British Prime Minister Boris Johnson told reporters on Thursday HMS Defender was acting legally in international waters and described the vessel’s route as “wholly appropriate”.
“The important point is that we don’t recognise the Russian annexation of Crimea,” he said. “These are Ukrainian waters and it was entirely right to use them to go from A to B.”
Russia annexed Crimea in 2014 and Moscow considers areas around the Crimean peninsula’s coast to be Russian waters.
UK Foreign Secretary Dominic Raab also denounced Moscow on Thurdsay.
“No shots were fired at HMS Defender,” Raab told reporters in Singapore, during a visit to discuss trade deals.
“The Royal Navy ship was conducting innocent passage through Ukrainian territorial waters.
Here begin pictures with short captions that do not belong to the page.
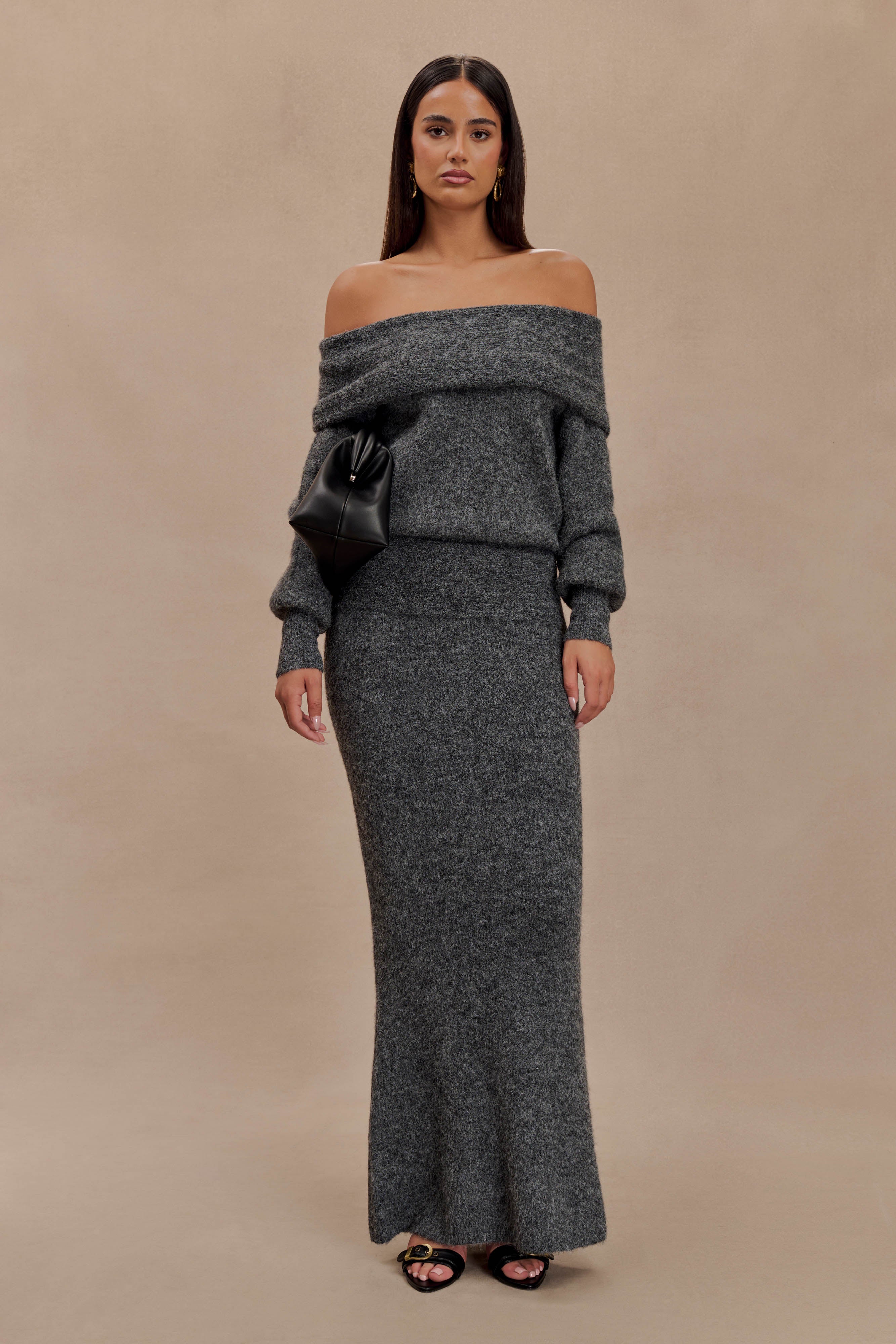 Elegant Knit Maxi Skirt with Flared Hem & Ribbed Waist | Charlotte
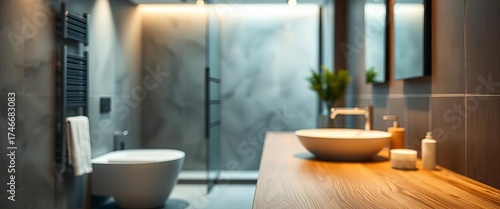 Sleek blurred bathroom, modern fixtures, wooden table in focus,  calm,  modern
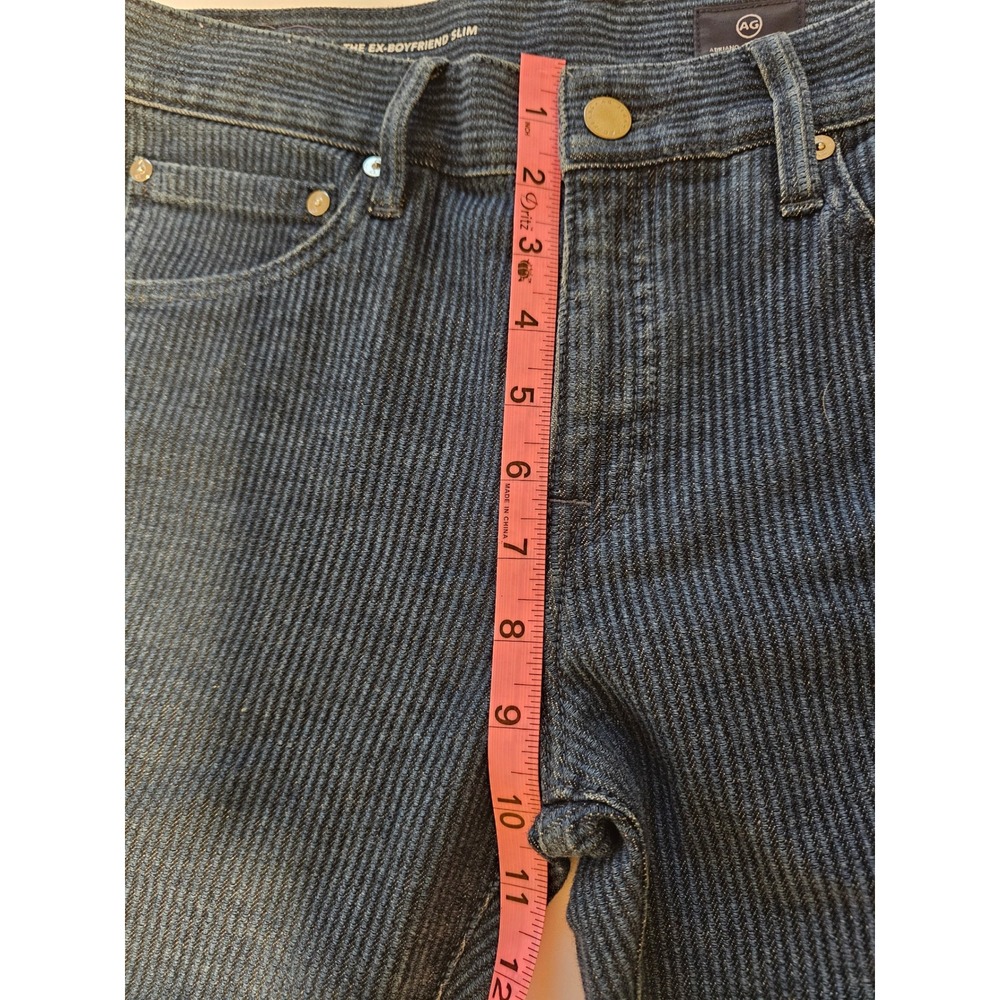 AG Adriano Goldschmied Ex-Boyfriend Slim Jeans Womens 27 Blue Pinstripe NWT - Picture 8 of 9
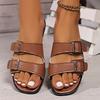 Women's Wide Width Buckle Detail Slides - Vintage Inspired Flat Sandals for Summer, Open Toe Beach Mules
We were doing so in accordance with international law and the Russian characterisation is predictably inaccurate.”
Under international law of the sea, “innocent passage” permits a vessel to pass through another state’s territorial waters so long as this does not affect its security.
Meanwhile, in comments broadcast on state television, Russian foreign ministry spokeswoman Maria Zakharova accused the UK of telling “barefaced lies” regarding its account of events.
The ministry summoned UK Ambassador Deborah Bronnert on Thursday to deliver a “tough demarche” – diplomatic jargon for a telling off – over the episode, which the Kremlin described as a “provocation”.
The UK government said it would not accept unlawful interference with the principle of innocent passage following the incident, which officials said took place as HMS Defender was travelling on an internationally recognised route from Odessa, Ukraine, to Georgia.